Author on the Airwaves: Gwendolyn Zepeda

Zepeda chosen as March 2015’s “Author of the Month” on Houston Public Media

Houston Public Media radio host Eric Ladau interviewed Zepeda for its website’s “Arte Público Press Author of the Month” feature, and along with the transcript, their conversation is available to listeners on the station’s interactive site through on-demand audio streaming here.

Click here to see all Arte Público authors featured on Houston Public Media.

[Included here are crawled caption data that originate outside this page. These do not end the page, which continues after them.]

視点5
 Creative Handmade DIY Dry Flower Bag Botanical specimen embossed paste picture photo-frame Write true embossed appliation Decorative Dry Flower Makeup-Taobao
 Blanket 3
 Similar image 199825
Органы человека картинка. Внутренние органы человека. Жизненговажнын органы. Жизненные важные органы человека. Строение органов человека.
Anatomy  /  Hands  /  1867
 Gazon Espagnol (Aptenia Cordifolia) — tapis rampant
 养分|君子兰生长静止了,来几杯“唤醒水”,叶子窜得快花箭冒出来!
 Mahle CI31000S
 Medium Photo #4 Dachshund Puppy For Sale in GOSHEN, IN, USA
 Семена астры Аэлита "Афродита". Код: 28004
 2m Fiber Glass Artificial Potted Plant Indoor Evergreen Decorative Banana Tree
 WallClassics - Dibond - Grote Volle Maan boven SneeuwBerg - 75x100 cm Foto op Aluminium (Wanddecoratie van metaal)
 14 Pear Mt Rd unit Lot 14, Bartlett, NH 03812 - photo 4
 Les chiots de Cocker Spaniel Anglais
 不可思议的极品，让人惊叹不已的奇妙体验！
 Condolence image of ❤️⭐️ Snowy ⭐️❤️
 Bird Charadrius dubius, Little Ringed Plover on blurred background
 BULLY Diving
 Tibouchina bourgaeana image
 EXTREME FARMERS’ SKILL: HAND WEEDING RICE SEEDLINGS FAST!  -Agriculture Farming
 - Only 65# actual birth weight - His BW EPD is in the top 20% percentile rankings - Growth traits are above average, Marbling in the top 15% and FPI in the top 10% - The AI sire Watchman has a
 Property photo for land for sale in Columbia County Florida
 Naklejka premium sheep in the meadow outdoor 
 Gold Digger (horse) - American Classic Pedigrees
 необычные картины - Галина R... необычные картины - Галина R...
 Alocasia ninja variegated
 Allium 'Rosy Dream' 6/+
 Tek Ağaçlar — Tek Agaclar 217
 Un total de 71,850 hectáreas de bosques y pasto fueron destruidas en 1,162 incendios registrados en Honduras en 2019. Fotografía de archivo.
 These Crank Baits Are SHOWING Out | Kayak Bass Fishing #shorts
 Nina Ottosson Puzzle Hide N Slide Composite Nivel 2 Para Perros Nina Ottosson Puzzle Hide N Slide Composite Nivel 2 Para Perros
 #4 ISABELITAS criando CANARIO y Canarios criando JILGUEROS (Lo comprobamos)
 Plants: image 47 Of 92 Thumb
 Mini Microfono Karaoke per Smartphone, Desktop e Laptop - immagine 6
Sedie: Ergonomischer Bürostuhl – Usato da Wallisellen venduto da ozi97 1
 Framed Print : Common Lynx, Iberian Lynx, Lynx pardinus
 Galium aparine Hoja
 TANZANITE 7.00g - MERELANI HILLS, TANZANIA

If you ask Houston author Gwendolyn Zepeda about her proudest experience as Houston’s first poet laureate, she’ll probably tell you about the time she cried.

In a good way.

“We did a four-week workshop here at the downtown central library and at the end of it, one person told me that she had taken a lot of poetry classes in her life and that mine was the first one where she actually felt that she had learned something and she felt that she could go forward and write poetry on her own,” Zepeda said. “And that kind of made me cry.”

About the Author:

GWENDOLYN ZEPEDA, Houston’s first poet laureate, is the author of several books for adults and children. She is the author of two poetry collections, Monsters, Zombies and Addicts (Arte Público Press, 2015) and Falling in Love with Fellow Prisoners (Arte Público Press, 2013); a short story collection, To the Last Man I Slept with and All the Jerks Just Like Him (Arte Público Press, 2004); three novels, Better with You Here (Grand Central Publishing, 2012), Lone Star Legend (Grand Central Publishing, 2010) and Houston, We Have a Problema (Grand Central Publishing, 2009); and four bilingual picture books for children, Level Up / Paso de nivel (Piñata Books, 2012),  I Kick the Ball / Pateo el balón (Piñata Books, 2011), Sunflowers / Girasoles (Piñata Books, 2009) and Growing Up with Tamales / Los tamales de Ana (Piñata Books, 2008). Born and raised in Houston, Texas, her writing was hailed by EFE newswire as having the “potential to transform Latino literature of recent years and rid it of its bad habits and clichés.”